The U.K.-based company faced a slap on the wrist for its marketing in the United Kingdom in July. This week, the company’s Australia division incurred a A$20,000 (nearly $16,000 U.S.) fine for misleading marketing.
The Queensland Office of Fair Trading, an Australian state agency, told Purplebricks it violated the 2014 Australian Consumer Law and the Property Occupations Act.
Australian consumers complained about misleading advertising that promised “low, fixed fees.” Consumers said they weren’t made aware that they had to pay their Purplebricks listing fee even if their property didn’t sell or services were canceled. Queensland also penalized Purplebricks for regulatory violations about where in Australia it had a bank account and use of its software.
The real estate startup charges a flat fee–$3,200 in the United States. In return, sellers get online listings, a local real estate agent working on their listing, and signage. The fee is paid before a home sells, and is not refunded if it doesn’t sell.
“Queenslanders have the right to expect that real estate agents will make accurate and honest agreements with their clients,” Queensland Fair Trading Acting Executive Director Craig Routledge said in a statement. “If real estate agents breach laws and industry regulations, the OFT will not hesitate to investigate and pursue if required.”
Purplebricks’ penalty in the United Kingdom was over advertising that touted “fees saved.” Both Australia and the United Kingdom run ads from Purplebricks with the theme “save yourself from commisery,” a play on “commissions” and “misery.”
U.S. Purplebricks ran similar ads, but instead of “commisery” only used the phrase “save yourself from real misery”–in part because Purplebricks can’t eliminate commission in the same way in the U.S. real estate market. U.K. and Australian real estate transactions don’t usually involve a commission paid to a buyers’ agent, while Purplebricks’ U.S. transactions still have to account for the buyers’ agent commission.
“We can’t use that word over here because it sets up the idea in people’s minds that there’s no commission at all,” Purplebricks U.S. Chief Marketing Officer Jonathan Adler told Inman in an interview. “It’s a different business model in the U.S. and we have to be really, really careful.”
Purplebricks’ U.K. division faced another crisis that its U.S. staff said would not extend stateside last month. Research by the firm Jefferies found that Purplebricks only sold about 50 percent of the homes it listed, compared to the 78 percent advertised. Purplebricks denied those claims in the U.K., and experts speculated that the public nature of the U.S. multiple listing service system would keep a similar discrepancy from emerging here.

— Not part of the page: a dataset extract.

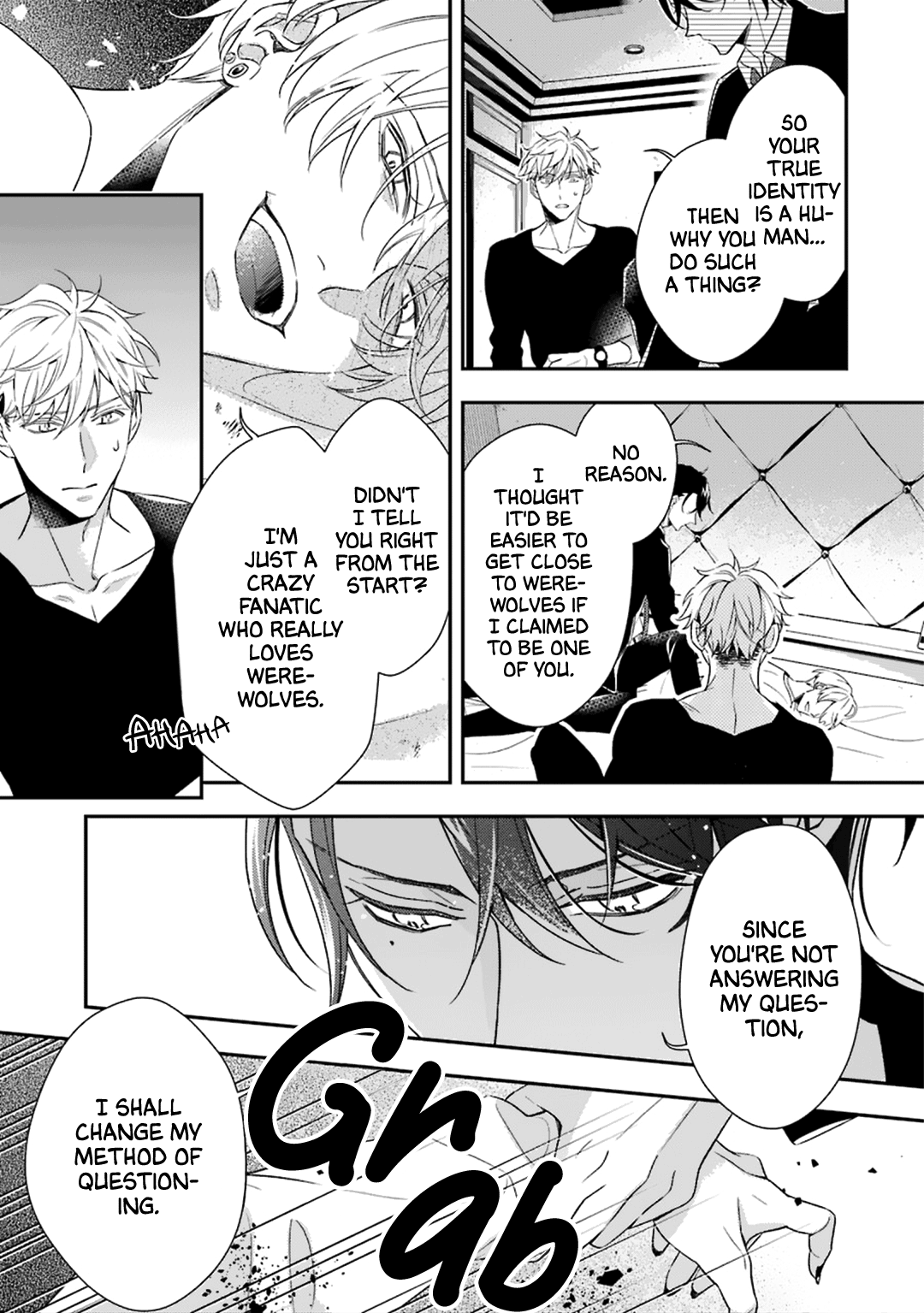 Ookami wa Tantei o Tabetai Vol. 1 Ch. 4 第26页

The concerns over marketing aren’t quite the same as sales discrepancies, especially since creative themes run through Purplebricks ads globally. But the startup is attempting to make sure its U.S. ads account for the realities of the American real estate market and its regulations.
And in Australia, Purplebricks has adjusted its wording in a “small segment of the market” in response to the penalties from the Queensland government, Purplebricks U.S. CEO Eric Eckardt told Inman.